No. For example, if $M$ is a Moebius band then, at least for even $k$, $Imm(M,\mathbb R^{2+k})$ is not homotopy equivalent to $Imm(S^1\times \mathbb R,\mathbb R^{2+k})$.

The latter is equivalent to the space of all maps from $S^1$ to $O(2+k)/O(k)$. Its first non-trivial homotopy group is $\pi_{k-1}=\pi_k(O(2+k)/O(k))=\mathbb Z$.

The former is equivalent to the space of sections of a nontrivial bundle with base $S^1$ and fiber $O(2+k)/O(k)$, in which the action of the fundamental group of the base on $\pi_k(O(2+k)/O(k))$ is nontrivial. Its first non-trivial homotopy group is $\mathbb Z/2\mathbb Z$.

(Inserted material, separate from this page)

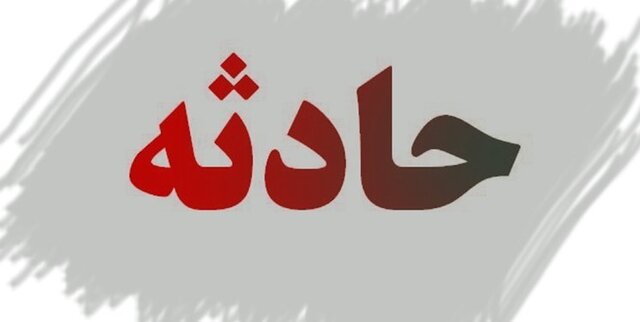فوت یک سرباز بر اثر بی احتیاطی راننده کامیون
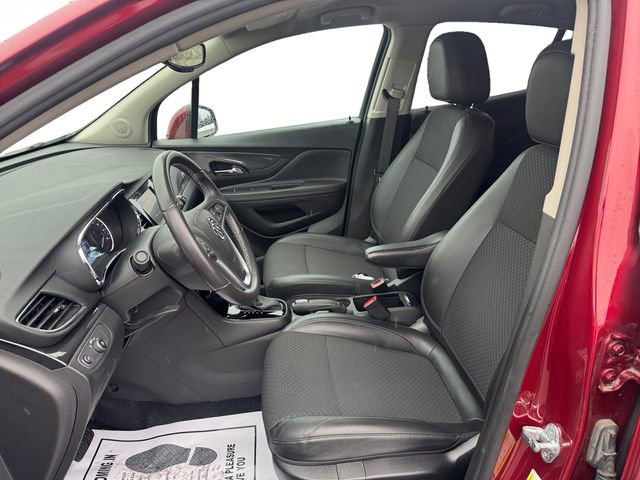 Certified 2022 Buick Encore Preferred w/ Safety Package image 10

Note that when $M$ and $M′$ are simply connected, I have a positive answer in the rational case. I.e

If $k\geq m$ is an odd integer, then $M\simeq M'\Rightarrow Imm\left(M,\mathbb{R}^{m+k}\right)\simeq_{\mathbb{Q}}Imm\left(M',\mathbb{R}^{m+k}\right).$

Here $"\simeq_{\mathbb{Q}}"$ denotes the rational homotopy equivalence.